In my presentation, I introduce the Jibiki-PIVAX project. The Jibiki platform is an online generic environment for writing, importing, exporting and querying all kinds of dictionaries (microstructures and macrostructures). The Microstructure is the structure of entries, we use CDM (Common Dictionary Markup) pointers to index heterogeneous microstructures without modifying them. The macrostructure is the structure of the different volumes composing a dictionary. We use rich links with type, label and weight between entries of different volumes in order to deal with the different macrostructures (bi-volumes, pivot, etc.). For the PIVAX project, we use a specific macrostructure with several volumes for each language (each volume is used in a specific context like a MT system). Then, there is an axeme volume for each language that gathers the same meaning of entries of the different volumes into one monolingual acception (axeme). The axemes are in turn linked to a pivot volume of axies, interlingual acceptions.

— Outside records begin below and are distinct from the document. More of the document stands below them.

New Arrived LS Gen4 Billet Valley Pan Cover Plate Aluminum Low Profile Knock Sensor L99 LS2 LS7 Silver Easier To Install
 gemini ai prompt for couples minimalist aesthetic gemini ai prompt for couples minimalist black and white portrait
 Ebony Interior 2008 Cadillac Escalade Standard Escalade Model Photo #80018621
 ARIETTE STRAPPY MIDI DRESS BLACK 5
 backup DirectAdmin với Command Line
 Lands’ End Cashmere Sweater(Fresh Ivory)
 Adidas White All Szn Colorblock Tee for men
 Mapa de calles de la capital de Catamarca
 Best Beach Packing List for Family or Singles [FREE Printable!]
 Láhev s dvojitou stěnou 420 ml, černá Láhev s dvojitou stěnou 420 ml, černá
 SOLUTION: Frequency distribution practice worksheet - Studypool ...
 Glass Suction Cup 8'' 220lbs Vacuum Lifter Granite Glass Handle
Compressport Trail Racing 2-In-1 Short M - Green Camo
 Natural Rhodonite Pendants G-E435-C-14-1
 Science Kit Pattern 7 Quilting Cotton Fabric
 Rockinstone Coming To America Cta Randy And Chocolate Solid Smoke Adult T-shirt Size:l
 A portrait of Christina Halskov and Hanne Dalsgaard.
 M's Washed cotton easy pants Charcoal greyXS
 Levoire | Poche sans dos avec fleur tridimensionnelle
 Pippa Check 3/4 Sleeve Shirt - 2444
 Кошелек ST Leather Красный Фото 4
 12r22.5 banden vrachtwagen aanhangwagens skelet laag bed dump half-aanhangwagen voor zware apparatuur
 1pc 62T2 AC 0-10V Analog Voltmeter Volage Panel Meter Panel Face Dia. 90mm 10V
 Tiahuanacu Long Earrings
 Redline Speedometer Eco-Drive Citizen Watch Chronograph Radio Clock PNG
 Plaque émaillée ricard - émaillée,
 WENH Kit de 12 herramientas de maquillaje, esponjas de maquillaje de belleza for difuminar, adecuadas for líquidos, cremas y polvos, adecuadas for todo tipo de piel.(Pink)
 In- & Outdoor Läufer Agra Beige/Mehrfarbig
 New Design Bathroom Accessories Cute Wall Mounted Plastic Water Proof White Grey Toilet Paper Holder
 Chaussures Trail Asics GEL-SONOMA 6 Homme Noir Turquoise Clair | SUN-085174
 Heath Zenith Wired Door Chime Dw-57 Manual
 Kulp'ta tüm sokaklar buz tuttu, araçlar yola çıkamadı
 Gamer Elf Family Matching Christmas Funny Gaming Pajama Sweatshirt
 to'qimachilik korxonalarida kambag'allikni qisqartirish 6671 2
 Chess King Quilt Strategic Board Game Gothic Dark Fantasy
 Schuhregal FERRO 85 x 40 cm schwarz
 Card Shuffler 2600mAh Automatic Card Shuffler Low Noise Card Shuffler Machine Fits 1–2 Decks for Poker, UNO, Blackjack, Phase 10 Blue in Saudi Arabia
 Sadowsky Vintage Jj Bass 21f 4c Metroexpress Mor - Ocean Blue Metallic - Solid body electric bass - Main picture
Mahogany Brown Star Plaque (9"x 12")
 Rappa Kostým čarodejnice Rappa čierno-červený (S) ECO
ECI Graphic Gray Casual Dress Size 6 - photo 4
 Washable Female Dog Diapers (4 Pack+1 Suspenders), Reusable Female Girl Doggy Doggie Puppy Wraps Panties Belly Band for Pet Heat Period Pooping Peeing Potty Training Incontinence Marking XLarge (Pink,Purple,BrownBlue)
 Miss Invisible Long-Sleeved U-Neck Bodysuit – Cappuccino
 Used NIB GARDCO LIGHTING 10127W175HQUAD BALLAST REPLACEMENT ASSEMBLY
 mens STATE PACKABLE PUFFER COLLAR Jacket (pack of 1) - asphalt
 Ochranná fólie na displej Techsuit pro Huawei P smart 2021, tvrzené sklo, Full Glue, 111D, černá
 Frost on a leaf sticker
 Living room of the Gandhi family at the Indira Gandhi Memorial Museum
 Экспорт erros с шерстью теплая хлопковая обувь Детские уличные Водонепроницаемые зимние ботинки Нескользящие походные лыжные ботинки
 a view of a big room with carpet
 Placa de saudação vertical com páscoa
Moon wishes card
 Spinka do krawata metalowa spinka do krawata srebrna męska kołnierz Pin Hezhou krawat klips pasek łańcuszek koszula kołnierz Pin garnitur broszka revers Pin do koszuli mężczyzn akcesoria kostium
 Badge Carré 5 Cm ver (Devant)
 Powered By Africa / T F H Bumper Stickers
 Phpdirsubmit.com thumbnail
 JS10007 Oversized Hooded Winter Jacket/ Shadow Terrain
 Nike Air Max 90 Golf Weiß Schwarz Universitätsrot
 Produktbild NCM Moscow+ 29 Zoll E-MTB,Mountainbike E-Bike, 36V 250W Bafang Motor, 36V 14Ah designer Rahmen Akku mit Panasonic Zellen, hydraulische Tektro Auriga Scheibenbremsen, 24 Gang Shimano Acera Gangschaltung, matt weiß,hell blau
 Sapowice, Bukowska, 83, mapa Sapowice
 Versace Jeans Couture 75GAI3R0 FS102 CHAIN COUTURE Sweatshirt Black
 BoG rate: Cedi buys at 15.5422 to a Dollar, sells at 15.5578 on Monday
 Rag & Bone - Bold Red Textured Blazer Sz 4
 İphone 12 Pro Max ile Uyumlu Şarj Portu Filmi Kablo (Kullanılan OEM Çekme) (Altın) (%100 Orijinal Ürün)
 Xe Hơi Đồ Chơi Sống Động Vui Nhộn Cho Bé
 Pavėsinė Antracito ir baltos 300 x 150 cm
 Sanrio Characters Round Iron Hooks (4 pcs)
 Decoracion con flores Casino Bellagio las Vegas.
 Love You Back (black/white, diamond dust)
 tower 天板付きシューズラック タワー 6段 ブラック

In her talk, Aline presented the "Neurocognition and Language" research group at UFRGS, and explained their research axes, specially in what concerns language acquisition and the creation and evaluation of language resources.
Carlos will defend his Ph.D. work, tuesday 11 September 2012, 2 pm. at IMAG F018 room, campus of St Martin d'Hères, Grenoble, France.
The title is : A generic and open framework for multiword expressions treatment: from acquisition to applications
Leonardo Zilio, student of the Informatics department of UFRGS brazilian university will spend one year from november 2012 at GETALP-LIG laboratory to work on his Ph.D. He will be co-supervised by Mathieu Mangeot and Carlos Ramisch. Leonardo will work with us on semantic role label annotation for specialised and general-purpose texts. We are specially interested in comparing sets of semantic role labels across languages and to study their impact on multilingual applications such as the construction of rich bilingual predicate dictionaries and machine translation. The integration of the existing annotation into the lexical resources created by GETALP in the CAMELEON project is a parallel goal of the internship. The expenses are financed by the CAMELEON CAPES-COFECUB project.
The tentative date is 19/12/2012, and the workshop will gather the team members around a common shared task along the lines of multilingual ontology alignment and/or machine translation using heterogeneous resources.